Art student James Helenski has found priority registration via the Honors Program to be very helpful, especially when it comes to making a course schedule. That’s because studio time is often at odds with “regular” class times. It also offers the chance to explore a transformative major/minor combination.
“Combining philosophy with my studio practice has allowed me to add a different layer to my art making,” James says. “Having exposure to classes that critically examine the structures of human existence, or social metaphysics, enables me to bring a more sophisticated and critical eye to my art.”

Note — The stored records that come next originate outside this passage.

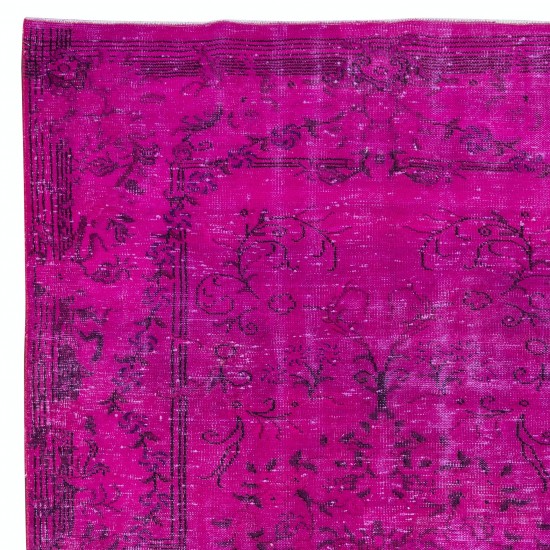 Pink Area Rug for Modern Interiors, Handknotted and Handwoven in Turkey, Wool Living Room Rug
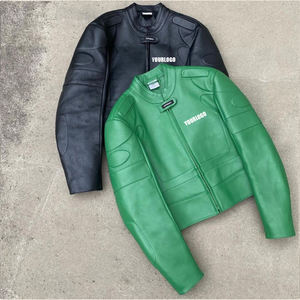 Nouvelle veste en cuir décontractée pour hommes Logo personnalisé Designer Veste unie pour hommes de grande taille avec logo personnalisé - Product Image 5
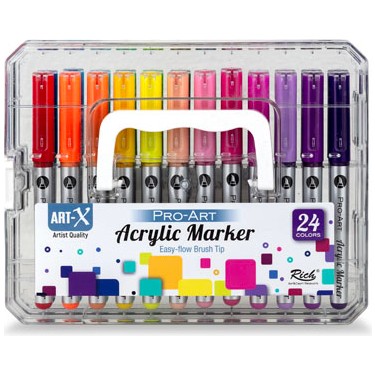 Rich Art-X Pro Fırça Uçlu Akrilik Marker Seti 24 Renkli Fiyatı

James’ exploration isn’t confined to the studio: they* are a big biker, not just in Boston, but also all over eastern Massachusetts. They also started the Vegetarian Society on campus and work with two animal advocacy groups in the city. In addition, James spent a summer interning at a print studio and has created performative sculptures to explore ideas of gender and the gender binary. Like any honors student, James is busy. And they wouldn’t have it any other way.
“The whole purpose of the Honors Program is to have a more challenging experience while in school. I certainly feel that I gain more in my honors classes since the atmosphere is more focused and engaged.”

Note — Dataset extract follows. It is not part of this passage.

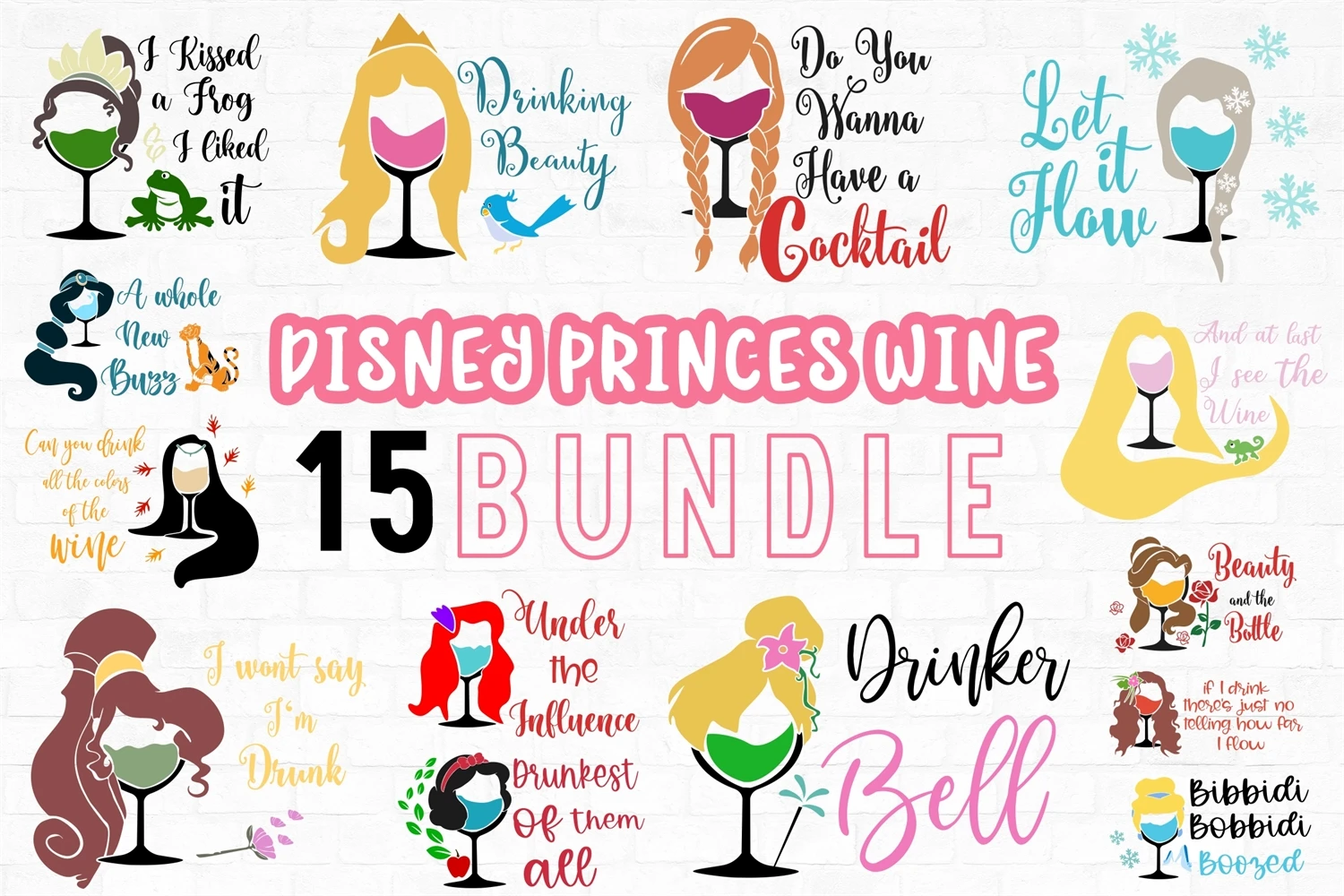 Disney Wine Glass Svg Bundle, Princess Wine Glass Clipart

*James prefers the gender-neutral/non-binary pronouns they/them.
During her freshman year in the Honors LLC, Ariel Wilson ran study groups, got help and helped others with homework, attended pre-registration advising sessions, and created new friendships—all without having to leave her residence hall.
The LLC experience gave Ariel a sense of confidence that’s traveled with her on her Suffolk journey. She’s in her second year as a Sawyer Business School Advisory Council member, planning events for honors students and serving on its communications committee. She is also a SUPERs peer health educator, a teaching assistant, and a level-four member of the Journey Leadership Program. She participated in a panel discussion at the 2013 National Collegiate Honors Council (NCHC) conference in New Orleans and served as a student moderator at the 2014 NCHC conference.
Due to graduate from Suffolk in just three and a half years, Ariel has already lived a lifetime of experiences. She’s even started pursuing a graduate degree.
“I can’t even count the number of opportunities in front of me,” she says. “I have grown as a student, a leader, and a future businesswoman in ways that would not have been possible if it weren’t for the Honors Program.”
As a Suffolk student, Aaron Lumnah never shied away from a full schedule. He was a Sawyer Ambassador, president of the Suffolk Entrepreneurs, an Alternative Spring Break student leader, and a service learning project leader.
He also interned at the Greater Boston Chamber of Commerce, tech start-up Smarterer, learning resource Intelligent.ly, and cloud computing provider Carbonite. In fact, the Class of 2014 grad turned his internship at Carbonite into a full-time job.
Aaron balanced a full courseload with all his extracurricular activities thanks to priority registration. He says it gave him a “leg up” on other students and he was able to take the classes that fit his schedule and academic goals best.
As if his extracurriculars weren’t enough, Aaron even found time to work with his favorite professors on original research— titled “Perceiving Privacy in the Digital Age”—which he presented to his peers at the 2012 NCHC conference.
Aaron’s considerable involvement did not go unnoticed. He was named the Student Government Association’s 2011–12 Outstanding Sawyer Business School Student of the Year.
As a Suffolk student, when she wasn’t working and teaching in Ghana, interning at the US Department of State in Washington, DC, or planning her future in the Peace Corps, Cori served as president of the College of Arts & Sciences’ Honors Advisory Council. She was also a student representative on the College’s Strategic Planning Committee, a group tasked with plotting Suffolk’s long-range goals.
Cori relished the opportunity to be a change agent and never took her myriad responsibilities lightly.
“To be a voice for students was a real privilege,” she says. “I had to think actively about giving a well-rounded opinion and representing not just myself, my immediate circle, and the activities I’m involved in, but also thousands of students.”
Cori’s passion for activism was demonstrated in her academic work, and she became a respected campus leader. She presented a paper titled “Top-Down Versus Bottom-Up: The Differentiated Impact of Non-Governmental Organizations and Foreign Aid” at the 2013 NCHC conference.